Beim Branchentreff des Bundesverbandes Erneuerbare Energien (BEE) erklang leises Grollen ob vertaner Jahre, die aus Branchensicht längst für deren Ausbau hätten genutzt werden können. Schlimmer: Nach der Photovoltaik könnte auch Windkraft-Unternehmen das Aus drohen.
Die Forderung des Lobbyverbandes liegt auf dem Tisch: „Wir müssen die Genehmigungsverfahren vereinfachen. Da gibt uns die Bundesrepublik ein sehr gutes Beispiel mit den neuen Gesetzen", schob im Gespräch Giles Dickson der Forderung hinterher, der CEO des Interessenverbands Wind-Europe, dem 400 Unternehmen der europäischen Windindustrie angehören. „Mit dem Prinzip des überragenden öffentlichen Interesses zum Beispiel." Die Europäische Kommission gebe den Mitgliedstaaten für vereinfachte Genehmigungsverfahren gute Leitlinien vor. „Das ist sehr positiv." Giles Dickson war einer der Gäste des kürzlichen veranstalteten Branchentreffs der Erneuerbaren Energien in Berlin. Doch der Chefsprecher, die „Stimme der Windindustrie", der aus Brüssel nach Berlin gekommen war, sieht nach den Debatten um Artenschutz vor allem Finanzierungsprobleme, die als Bremsklötze zwischen die Rotorblätter der Windparks hinsichtlich der ehrgeizigen Ausbauziele der Europäischen Union gelangen könnten. „Bis 2030 brauchen wir 510 Gigawatt. Fast dreimal so viel, wie wir heute haben. In acht Jahren muss man das schaffen. Das ist wirklich sehr ehrgeizig."
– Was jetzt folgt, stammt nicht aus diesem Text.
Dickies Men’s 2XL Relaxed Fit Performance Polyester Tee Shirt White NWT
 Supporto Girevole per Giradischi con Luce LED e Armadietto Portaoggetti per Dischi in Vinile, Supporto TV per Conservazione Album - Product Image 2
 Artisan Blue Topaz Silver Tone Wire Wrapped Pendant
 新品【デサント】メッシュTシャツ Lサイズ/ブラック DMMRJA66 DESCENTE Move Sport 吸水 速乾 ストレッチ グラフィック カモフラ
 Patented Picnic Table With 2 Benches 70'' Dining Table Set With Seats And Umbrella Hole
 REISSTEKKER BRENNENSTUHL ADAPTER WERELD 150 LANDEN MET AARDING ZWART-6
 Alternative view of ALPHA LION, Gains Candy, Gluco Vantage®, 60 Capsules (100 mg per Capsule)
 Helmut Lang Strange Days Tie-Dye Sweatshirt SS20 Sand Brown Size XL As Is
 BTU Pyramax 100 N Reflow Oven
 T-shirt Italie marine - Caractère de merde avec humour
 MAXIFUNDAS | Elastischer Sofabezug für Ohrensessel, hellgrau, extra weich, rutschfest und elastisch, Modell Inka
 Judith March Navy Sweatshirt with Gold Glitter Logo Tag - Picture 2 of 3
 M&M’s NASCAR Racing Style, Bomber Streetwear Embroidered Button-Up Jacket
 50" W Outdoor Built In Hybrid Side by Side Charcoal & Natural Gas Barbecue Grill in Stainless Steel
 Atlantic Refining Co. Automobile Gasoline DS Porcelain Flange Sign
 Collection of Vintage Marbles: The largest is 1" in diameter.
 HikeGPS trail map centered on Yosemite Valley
Probleme bei der Finanzierung
Die größte Sorge, die die Windkraftindustrie habe, sei die Gesundheit der Lieferkette. Die EU und die Regierungen müssten sich hier einsetzen, fordert der Verbandschef. „Wir dürfen es uns nicht leisten, dass wir das zweite Mal den Fehler begehen, wie wir es eben mit der PV-Industrie gemacht haben, dass wir unsere Windenergie industriell skaliert aufbauen." Zu der Frage, ob es der Windkraftindustrie sonst ähnlich ergehen könne, wie der Solarindustrie, bei der Technologieführerschaft und 100.000 Arbeitsplätze verloren gingen, sagte Dickson: „Ich kann das nicht ausschließen. Es tut mir leid." Gelder, etwa aus dem Corona-Wiederaufbau-Programm der EU, müssten genutzt werden, um den Konzernen, die momentan unter Verlusten leiden, zu helfen neue Fabriken zu bauen. Dies sagte der europäische Windenergieverbandschef auch mit Blick auf die beabsichtigte Erhöhung der Zahl von Windkraftanlagen auf See.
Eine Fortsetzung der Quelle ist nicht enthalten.